If the players lost the lawsuits, which is entirely possible specially consindering the NFLPA lost the 1st part of their lawsuit to the NFL. Which I beleive with the amount of players playing across seas weakens the NHLPA's case compared to the NFL or NBA PA's. So if they lost wouldn't the players basically put themselves in a much worse situation?
Not withstanding my previous statement (the whole world of bad thing), I don't think the players would lose their lawsuits nor do I think the number playing in Europe would have any effect. The owners locked out the players despite year after year after year of record revenues under the system the owners themselves designed and the law very clearly puts the responsibility for ensuring profit on the owners, guaranteeing employees get paid regardless of the health of the company. The players offered to continue playing under the old CBA (which was profitable for many teams, certainly more than not playing) while negotiating on a new one, the owners refused without a single shred of evidence that the players didn't intend to do just that. Any speculation that they would have gone on strike or drug their feet in the negotiations is just that, speculation and can't be used against them. So, the owners locked out players who offered to play, denied them their right to work despite signed contracts due to their own business problems for SOME teams, and have not shown an eagerness to negotiate despite the union offering multiple concessions. I think everyone knows the NHL is playing hard ball, with almost all of their "concessions" simply being reducing their wish list of demands which they purposefully overinflated from their first offer just so they could appear to be "giving" something when in reality they are just demanding slightly fewer new concessions from players.

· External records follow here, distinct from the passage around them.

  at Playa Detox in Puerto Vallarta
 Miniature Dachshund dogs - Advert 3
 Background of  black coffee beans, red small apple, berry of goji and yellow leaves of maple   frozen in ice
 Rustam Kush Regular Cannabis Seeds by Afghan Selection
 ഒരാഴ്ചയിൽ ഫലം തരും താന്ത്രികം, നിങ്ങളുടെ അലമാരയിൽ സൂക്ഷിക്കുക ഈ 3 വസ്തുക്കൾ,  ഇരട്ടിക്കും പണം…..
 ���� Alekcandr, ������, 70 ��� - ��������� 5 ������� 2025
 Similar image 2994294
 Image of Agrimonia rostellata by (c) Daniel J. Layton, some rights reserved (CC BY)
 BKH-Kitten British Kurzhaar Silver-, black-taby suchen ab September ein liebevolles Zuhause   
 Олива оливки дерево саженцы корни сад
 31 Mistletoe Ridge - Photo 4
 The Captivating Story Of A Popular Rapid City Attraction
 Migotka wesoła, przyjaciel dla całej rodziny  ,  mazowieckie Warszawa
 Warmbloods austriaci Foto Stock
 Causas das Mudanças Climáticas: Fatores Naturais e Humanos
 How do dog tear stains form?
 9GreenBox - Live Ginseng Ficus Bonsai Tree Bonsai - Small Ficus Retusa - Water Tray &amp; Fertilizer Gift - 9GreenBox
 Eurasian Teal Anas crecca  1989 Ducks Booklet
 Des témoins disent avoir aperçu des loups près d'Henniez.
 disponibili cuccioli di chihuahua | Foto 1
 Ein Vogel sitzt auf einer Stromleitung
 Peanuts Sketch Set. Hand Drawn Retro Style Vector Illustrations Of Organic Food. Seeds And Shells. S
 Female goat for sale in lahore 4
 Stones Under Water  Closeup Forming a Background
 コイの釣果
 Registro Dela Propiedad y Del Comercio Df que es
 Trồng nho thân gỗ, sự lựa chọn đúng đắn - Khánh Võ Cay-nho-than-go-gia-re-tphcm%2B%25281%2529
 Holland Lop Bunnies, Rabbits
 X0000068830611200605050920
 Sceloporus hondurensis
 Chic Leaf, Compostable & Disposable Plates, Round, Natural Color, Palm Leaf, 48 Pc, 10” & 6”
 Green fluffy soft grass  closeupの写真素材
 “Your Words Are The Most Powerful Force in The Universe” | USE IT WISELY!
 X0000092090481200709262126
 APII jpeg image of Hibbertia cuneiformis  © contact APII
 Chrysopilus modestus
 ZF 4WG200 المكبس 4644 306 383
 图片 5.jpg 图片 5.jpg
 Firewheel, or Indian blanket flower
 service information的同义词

As for players playing in other leagues, that's entirely within their right to do so as it is the owners preventing players from fulfilling their contracts. (Players playing in other leagues during a strike would be an entirely different matter.) Not only is it within their right to do so legally (it's called mitigating your damages), the NHL and KHL, for example, even have a signed agreement between them that deals with just such a situation (that limits locked out NHLers to I believe 65% of their NHL salary while playing in the KHL and I would assume requires they be released by the KHL once the NHL starts working again). Given those facts, I don't see how some of the players playing in other leagues could be used against them. Plus then there's also the fact that some of the multiple lawsuits wouldn't involve any players who did play abroad.
Maybe I'm wrong and making a few wrong assumptions here and some of you seem to have better understanding of this but can someone tell me where I am because this sounds like a horrible move, and one that could jepordize us seeing any NHL soon.
Nope, I think you understand perfectly. Like I said, a world of bad for both sides and quite possibly far worse for fans as it would mean no NHL hockey for years, and that's assuming the league survived at all.
The sad fact is, however, that at least moving in that direction may be the only power move the union has if the NHL can't show any flexibility or willingness to negotiate. They're already winning just with the lowered players' share and the union's offer to penalize teams signing new back diving contracts. Those are the meat and potatoes of a CBA. Everything else is just dessert, and I for one hope the owners' eyes aren't bigger than their stomachs. Or ours.